Taking a Better Fish Photo

Oh the disappointment.  You just caught a monster, and your buddy running the camera found a way to make a massive fish look small, blurry, and blown-out overly-bright.  The hours and waited days of anticipating a great shot that speaks for itself, are suddenly broken by an image that begs explanation, excuses, and sometimes even expletives.  The aim of this article is to help you never be “that-guy.”  It’s not for photographers, promoters, or pro-anglers, it’s for EVERYONE.  You don’t need a high-end SLR camera or big-dollar glass to take a great photo, and you don’t need to be an expert.  At some time in your fishing career, someone will shove a camera in your face, or make you be on the taking end of the shot.  Here are some tips that can help anyone to properly honor the experience, whether you’re posing with the fish, or punching the shutter.

Preparation truly is the key to great fish pictures.  Big fish come quickly, at unexpected times, and are most often released in the boats that I fish out of.  These factors put un-ready anglers at a distinct disadvantage, and create the temptation for quickly devised and delivered snapshots that most often will leave you wishing you could do it over again.  Of course, the health and vitality of a trophy fish you plan to release holds the utmost importance, which is all the more reason that a bit of planning goes a long way.  When the fish does come, it’s often best to keep it in the net, in the water, and out of the boat, especially for larger predator species.  Good nets aren’t as hard on fish-fins, and keep the fish from injuring itself on harder and less-forgiving items inside the boat. 
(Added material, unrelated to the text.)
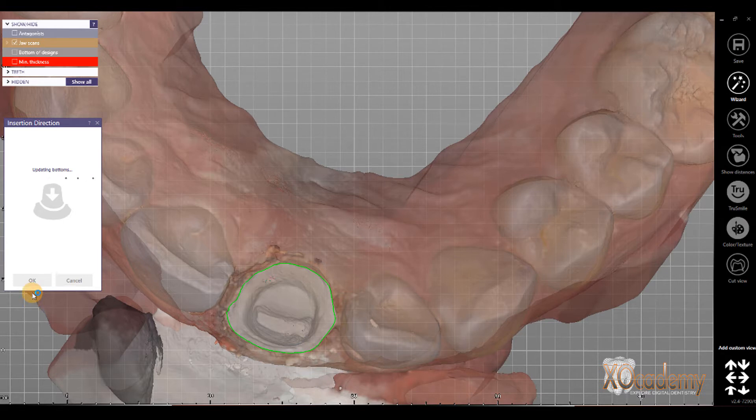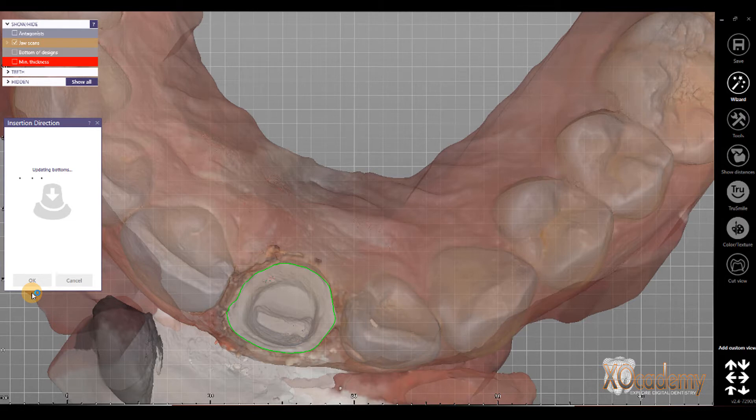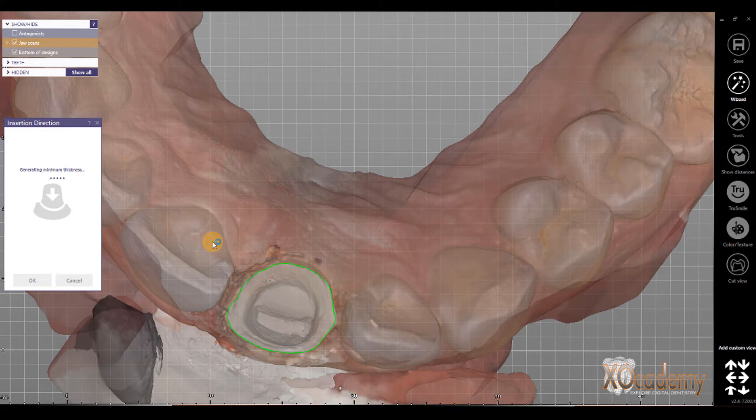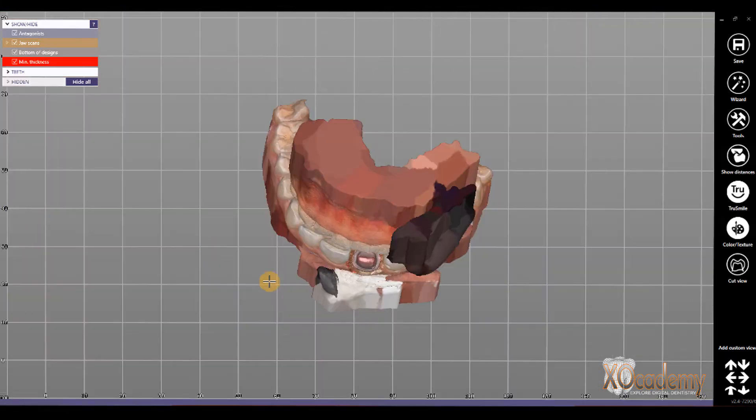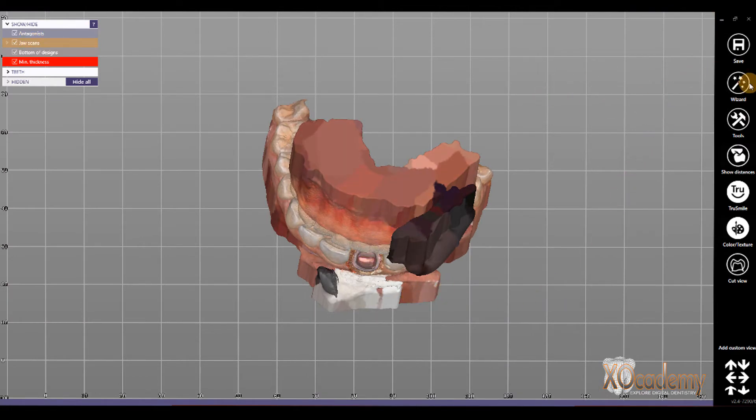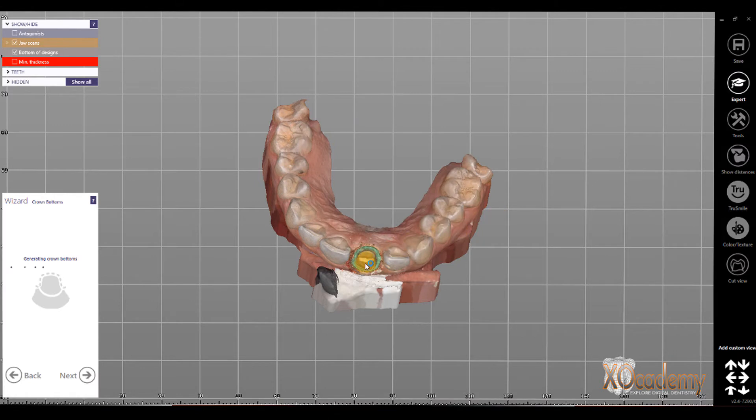Then go back to the wizard, so that first setting that we're going to determine, is the first setting that we're going to change, is always having to do the insertion direction before moving forward with placing our crown. So, I don't want the automatic insertion direction, so that's number 1. So, we go back to the wizard.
Keeping your fishing vessel in order is top priority for a number of reasons, but also leads to a better fish picture.  A boat that’s free of clutter keeps the process rolling smoothly, and prevents random and distracting objects from getting a chance to ruin a good shot.  It’s also good to designate someone in the boat as a camera person, particularly if they have an interest in it or are detail-oriented individuals.  This person is in charge of the camera, stowing it, and knowing where it is.  That way, when you get a great photo fish, everyone knows their role in the process. 

Even if you’re not fishing trophy-waters for upper echelon species, know your tools.  Increasingly, our cameras are our cell phones, but no matter what your weapon of choice, make sure you know and understand the controls.  With the ease of digital transfer these days, if your friend is taking a picture of you, let them use both their phone and yours.  Chances are they’ll know their own far better and produce more appealing results, even if their camera’s capability is less than your own. 
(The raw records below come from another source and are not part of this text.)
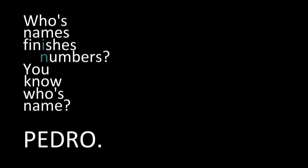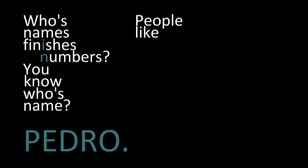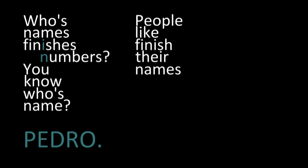Whose name finishes in numbers? You know who's named Pedro? People like Pedro finish their names with numbers.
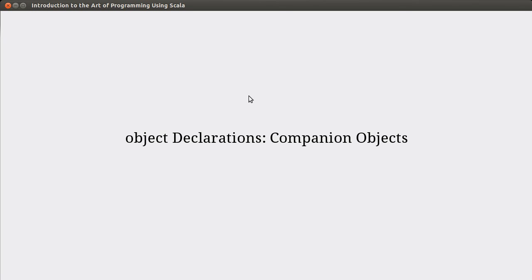Welcome back to the video lecture series for Introduction to Autoprogramming using Scala. In this video, we continue looking at object declarations, and we're going to look at a second usage of object declarations. In this case, we're going to make companion objects.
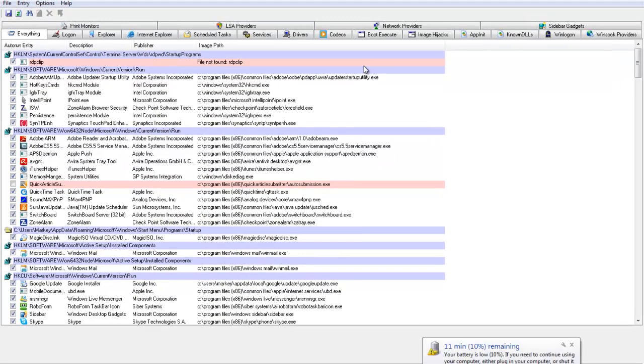Throughout my tutorials on this YouTube channel I use AutoRuns quite a lot to explain about removing malware or programs that start up on logon. The next one's going to be about how to make Windows login faster by using AutoRuns.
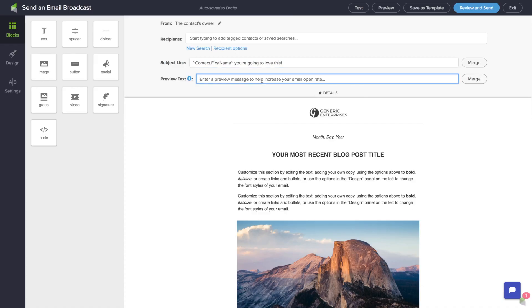So for example, here we might add something like 'we're excited to announce', and that in and of itself could be something that drives someone to open that email message.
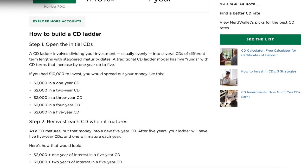What is a CD ladder? That is simply multiple certificates of deposit put together with staggered maturities. In this example, we have $2,000 invested in five different CDs: $2,000 in a one-year CD, $2,000 in a two-year CD, then three, four, and five — there's your $10,000 invested.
If you’re holding the fish, your job is to make the photographer’s job easy.  Make sure your clothing is on straight, is clean, and you’re not holding, wearing, or otherwise have on your person anything that might take away from the shot.  That includes beverage cans, cigarettes/cigars, and bulky or “loud” clothing with a great deal of text on it.  Look presentable, and care about your appearance by quickly changing into a different hoodie, hat, or jacket should you need to.  Smile and look the part of a happy angler, even if some of the shine has already worn off and this is old-hat to you. 

If you’re taking the shot, you’re the quarterback.  You call the plays, make the big decisions, and at times need to take control of the game and call the shots.  Your eye is what’s seeing that which will ultimately be a long-lasting memory, so your view is the one that counts most.  Be decisive and tell your subject exactly how you would like the fish to be held.  Use your words, and take your time.  Your ability to direct the person with the fish will often determine how well you preserve the moment, and rushed, non-specific motioning and hand-gestures only confuses the situation.  Seconds matter to a released fish, but time slows down a bit here, and as long as you’re prepared and ready, you often have more time than you think. 
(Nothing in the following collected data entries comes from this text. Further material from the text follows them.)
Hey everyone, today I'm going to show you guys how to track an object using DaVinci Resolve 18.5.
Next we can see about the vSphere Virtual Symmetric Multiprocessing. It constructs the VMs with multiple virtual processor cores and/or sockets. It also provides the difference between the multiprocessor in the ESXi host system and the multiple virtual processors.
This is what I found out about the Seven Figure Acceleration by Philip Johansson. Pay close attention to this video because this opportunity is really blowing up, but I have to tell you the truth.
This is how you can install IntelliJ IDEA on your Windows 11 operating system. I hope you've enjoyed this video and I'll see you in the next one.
Take photos from multiple angles and positions, as well as zoom levels.  Get a face and fish-head only shot, then back up to get the whole enchilada.  Make sure to fill the entire frame of your view with the fish and the angler.  Scenery is great, and you can work in good backgrounds, but the focus should always be the fish.  Set your focus on it.  Snap a million pictures, especially if your format is digital.  There’s no penalty for more photos except the seconds it takes to delete a few here and there.  Be flattering to your friend’s appearance.  Think of yourself in the shot, and what you’d be proud to show everyone you know.  At this point, have the subject hold the fish in a different manner and recreate those same variations with that hold.  If you perform this process quickly and correctly, the fish has been out of the water less than a minute.  My goal is to not make that fish hold its breath any longer than I can.  Get the fish back in the water, and while your angler is reviving it, get a great release shot.  Often, those sequences are some of the best photos taken.         

Be prepared, take the time to do it right, and know your role no matter which end of the camera you’re on to turn the fish of a lifetime into a memory that lasts for generations.